=== What you have to do ===
Look through the listing below and say how many lines contain the word "label". Nothing else belongs in the reply.

=== Extracted records ===
--- START ---

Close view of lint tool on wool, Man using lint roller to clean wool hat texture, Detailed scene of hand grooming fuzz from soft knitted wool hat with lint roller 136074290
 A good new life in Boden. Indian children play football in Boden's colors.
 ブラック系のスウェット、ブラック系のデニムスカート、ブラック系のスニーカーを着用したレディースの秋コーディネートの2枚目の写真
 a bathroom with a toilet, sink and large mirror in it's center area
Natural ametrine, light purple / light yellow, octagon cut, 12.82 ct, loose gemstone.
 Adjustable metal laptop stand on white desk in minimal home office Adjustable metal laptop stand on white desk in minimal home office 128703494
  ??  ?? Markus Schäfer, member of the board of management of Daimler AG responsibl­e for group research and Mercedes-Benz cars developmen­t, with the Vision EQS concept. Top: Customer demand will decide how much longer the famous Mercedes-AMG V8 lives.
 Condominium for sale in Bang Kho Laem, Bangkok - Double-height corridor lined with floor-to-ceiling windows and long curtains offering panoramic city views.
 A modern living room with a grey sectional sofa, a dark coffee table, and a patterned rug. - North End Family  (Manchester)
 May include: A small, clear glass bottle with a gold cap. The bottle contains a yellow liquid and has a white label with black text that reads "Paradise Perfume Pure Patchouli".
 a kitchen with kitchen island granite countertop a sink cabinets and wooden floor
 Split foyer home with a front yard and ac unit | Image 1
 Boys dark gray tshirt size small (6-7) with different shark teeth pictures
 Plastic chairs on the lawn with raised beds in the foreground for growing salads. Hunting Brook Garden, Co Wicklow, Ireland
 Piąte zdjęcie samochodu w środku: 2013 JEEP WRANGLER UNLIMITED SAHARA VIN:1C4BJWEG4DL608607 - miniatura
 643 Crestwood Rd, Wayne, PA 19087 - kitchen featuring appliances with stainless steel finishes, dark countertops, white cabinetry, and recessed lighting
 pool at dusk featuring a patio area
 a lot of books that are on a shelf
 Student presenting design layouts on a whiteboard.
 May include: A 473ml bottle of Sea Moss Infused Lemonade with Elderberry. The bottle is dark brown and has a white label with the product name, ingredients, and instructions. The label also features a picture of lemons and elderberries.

--- END ---

=== Completed task ===
2